With reverse polarity, the 4046 may survive as it's full of MOSFET body diodes that will act like reverse blocking protection diodes up to a point, but it's still possible for some damage that's changed its characteristics.

Do you know how it was powered? Even with a battery, it can damage the circuit if the battery clip momentarily makes reverse contact.

And, of course, like a lot of simple circuit bender projects, the design has no reverse polarity protection.


rutabaga bob

The only electrolytic is the power filter cap.  386s are -4s.  Will swap out the 4046 today when I find the other one that I've got. 
Life is just a series of obstacles preventing you from taking a nap...

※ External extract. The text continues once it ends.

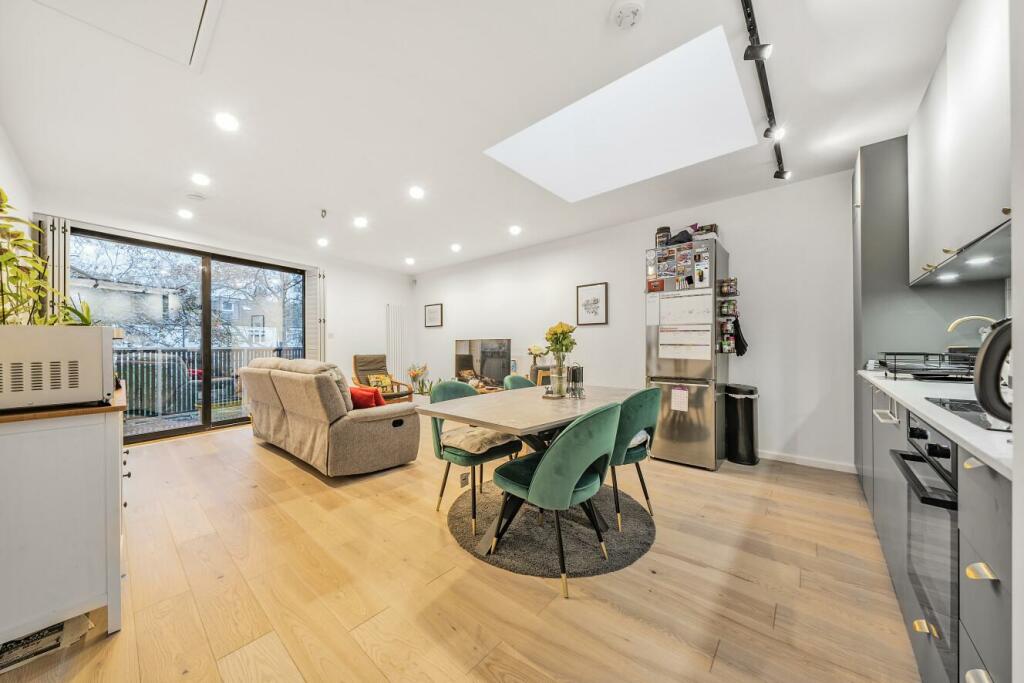 Additional image 2 of Ravenscroft Road, Beckenham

"I can't resist a filter" - Kipper

anotherjim

Actually, I think it's important to measure pin14 of the 4046 again. That diode from the 386 should not conduct when you aren't playing so pin14 should not be more than 0.5v less positive than the 386 pin 5. The replacement 386 may be biasing to a higher voltage than the old one.


rutabaga bob

Life is just a series of obstacles preventing you from taking a nap...

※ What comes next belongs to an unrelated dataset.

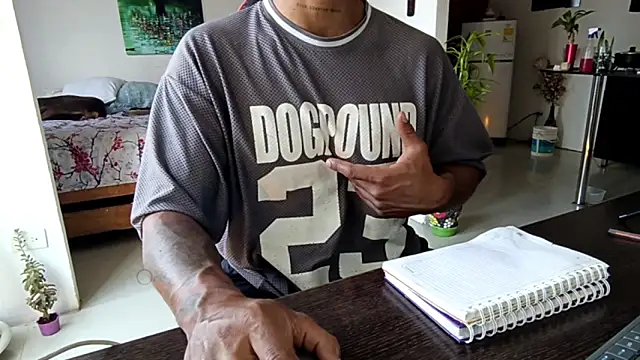 Adam Valenciia online show from March 11, 2026, 5:51 pm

"I can't resist a filter" - Kipper

anotherjim

Quote from: rutabaga bob on October 15, 2021, 10:43:59 AM
386 pin 5: 4.911 V
4046 pin 14: 4.639 V
That's ok. The diode won't be turned on. Only about 0.3v across it.
I forgot to ask what pin 2 voltage is now. At 9v the VCO should be ultrasonic. 0v it should be stopped. Pin 9 should be the same as pin2 when not playing.

rutabaga bob

With Depth control fully counter-clockwise:

Pin 2: 3.693 volts
Pin 9: 3.72 volts

Found my other 4046 chip.  Replacement will happen in the near future.
Life is just a series of obstacles preventing you from taking a nap...

"I can't resist a filter" - Kipper

rutabaga bob

UPDATE: replaced the 4046 chip and played through the unit.  Sound is back to where it was before the 386 went bad...so the one chip trashed the other, as well.  Pitch control gives no oscillation/tone output, so that's wonderful!  Checked voltage at 386 output pin 5 and it's 4.9 volts.  Soldered a 1N4001 in place for some polarity protection, just in case.  Will give it back to my friend and let him try it again.  Hmm - poetic!  Hope this ends the saga. Thanks for the great help, Jim!

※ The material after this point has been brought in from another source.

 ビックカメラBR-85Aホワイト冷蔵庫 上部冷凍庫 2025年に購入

Am going to go back and listen to the demo once more; I get the impression my build has a lot more Velcro-sounding grit than the original...less usable range.  Hope, if that's true, it doesn't portend another disaster.
Life is just a series of obstacles preventing you from taking a nap...

"I can't resist a filter" - Kipper

anotherjim

Good news.
That 4046 chip is one for which the term "YMMV" was meant for. It is a standard CMOS 4000 series type, but originally there were different manufacturers with their own ways of making them. This normally doesn't matter with logic except in the finer points of supply voltage and speed. There never was much point in choosing one brand over another with something like the 4011 quad nand gate except maybe the price.
The 4046 isn't pure logic, there is an analog element to the VCO so the control voltage sensitivity and the minimum and maximum frequency limits do vary between brands and production runs. As semiconductor brands got fewer some of the different chip designs have disappeared and some were taken over by bigger companies and re-branded. The TI one used to be a Harris semiconductor part. Some are only available now as SMD.

So, the short of it is that different builds of this project might not all work the same.